What to produce: Would you please print exactly the lines that run from the one with "Osmanlı Tarihi (1876–1918)" to the last line of the data, both included, without any pictures?

Data segment:
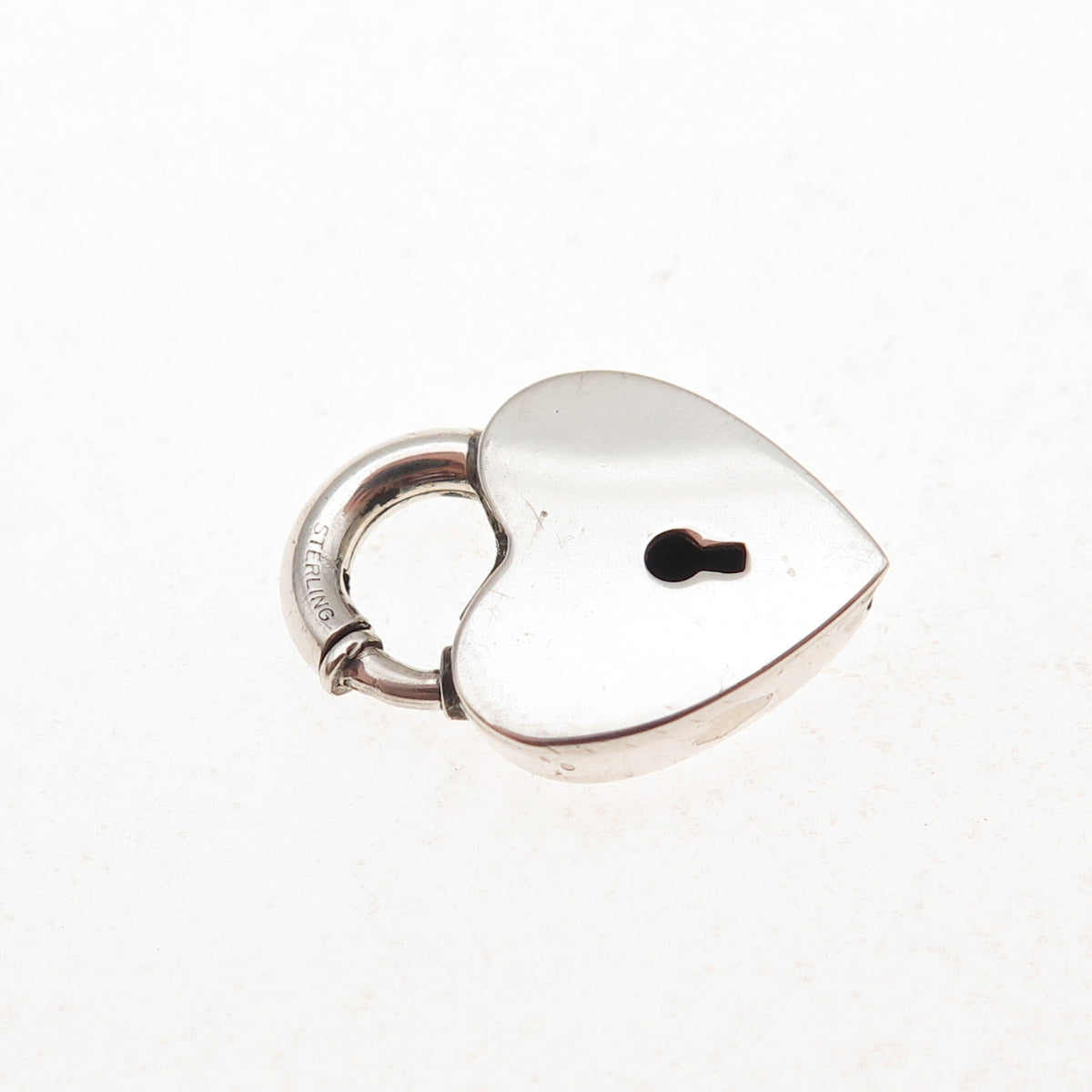 925 Sterling Antique Art Deco Heart Padlock Spring Ring Clasp Charm Pendant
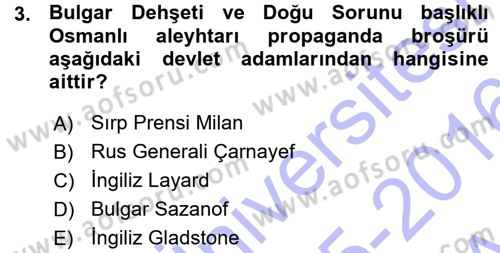 Osmanlı Tarihi (1876–1918) Dersi 2015 - 2016 Yılı (Vize) Ara Sınav Soruları 3. Soru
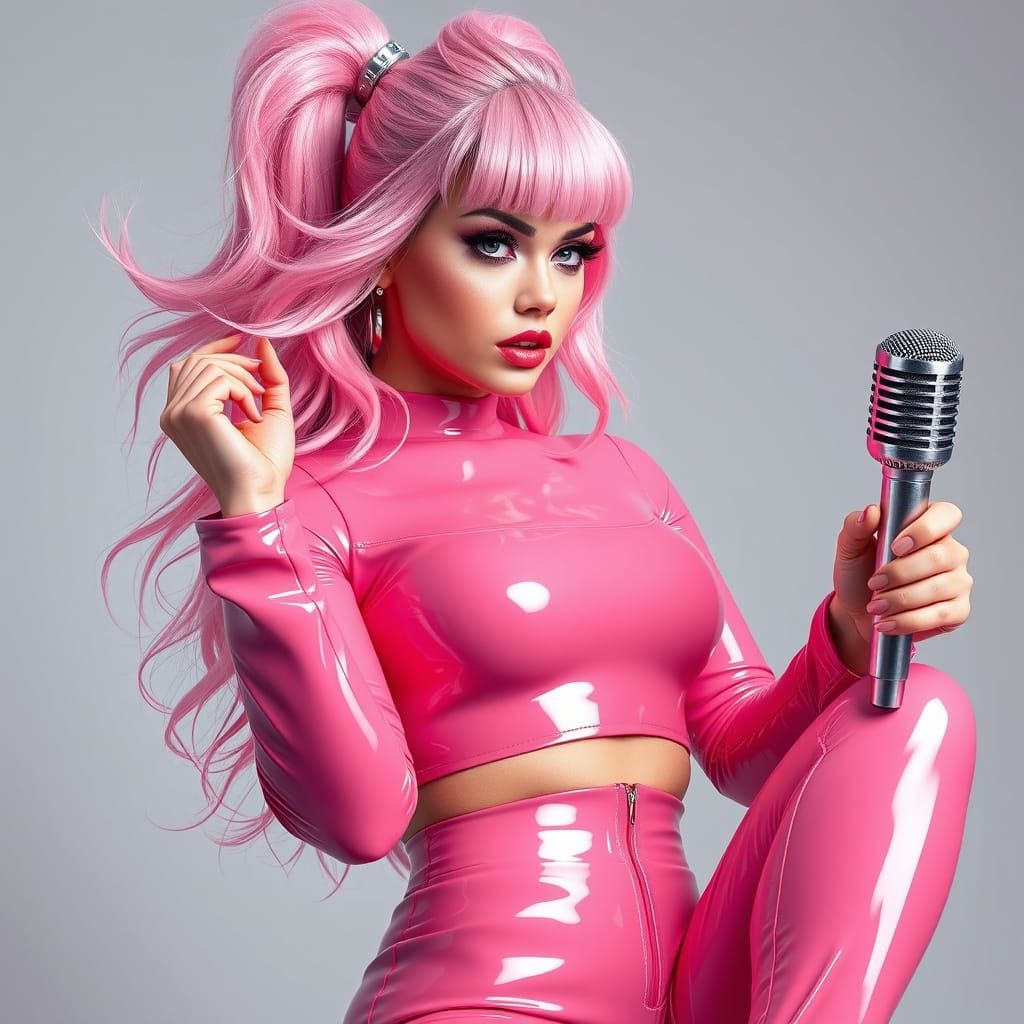 ultra-realistic futuristic popstar with pastel pink hair (#F...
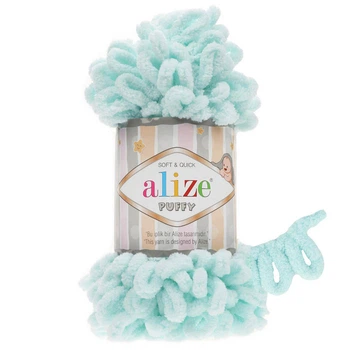 Пряжа Alize Puffy з петельками 15 водяний зелений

Solution to this problem:
 Osmanlı Tarihi (1876–1918) Dersi 2015 - 2016 Yılı (Vize) Ara Sınav Soruları 3. Soru
 ultra-realistic futuristic popstar with pastel pink hair (#F...
 Пряжа Alize Puffy з петельками 15 водяний зелений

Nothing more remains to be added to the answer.